De ninguna manera pienso que los hijos han de hacer una fotocopia de su familia. Por referirme a un tema muy trivial, recuerdo que la primera Nochebuena que pasamos solos mi mujer y yo y tuvimos que hacer el menú, al comparar vimos que en su casa y la mía había sido el mismo durante años. «¡He aquí la gran ocasión de cambiar y hacer lo que nos dé la gana!», pensamos.
Volvamos al principio. La preparación del matrimonio no se resuelve con cuatro vaguedades. En la maleta para el viaje de novios han de ir los mimbres esenciales que se han introducido a lo largo de la vida. Sorpresas las mínimas. Ya se encargará la vida de proporcionárnoslas, desde el primer día.

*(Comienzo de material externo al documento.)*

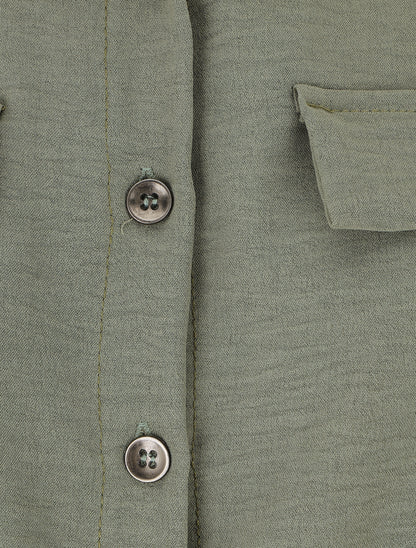 Chemise unie élastiquée - Kaki - 3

Ya no digo nada de las parejas que defienden la teoría de vivir juntos para probar si congenian. Aspectos morales aparte, pues no son de mi incumbencia, el más elemental sentido común resalta que, al faltar el compromiso serio de vivir juntos toda la vida, ha cambiado el argumento en su propia raíz y se están haciendo «experimentos con gaseosa». Por si fuera poco, una serena reflexión demuestra que a lo largo de la vida matrimonial hay tal variedad de circunstancias, que no se pueden prever jamás con «probatinas». Un hombre y una mujer son dos seres vivos que cada día cambian no solo sus células, sino todo su ser, zarandeado por mil avatares ignorados.
Para poner en serio las cosas hay que ir al matrimonio con la determinada determinación de quererse, aunque me canse, aunque no pueda, aunque reviente* Eso es el amor, lo demás son sentimentalismos baratos que acaban con el alma desencantada.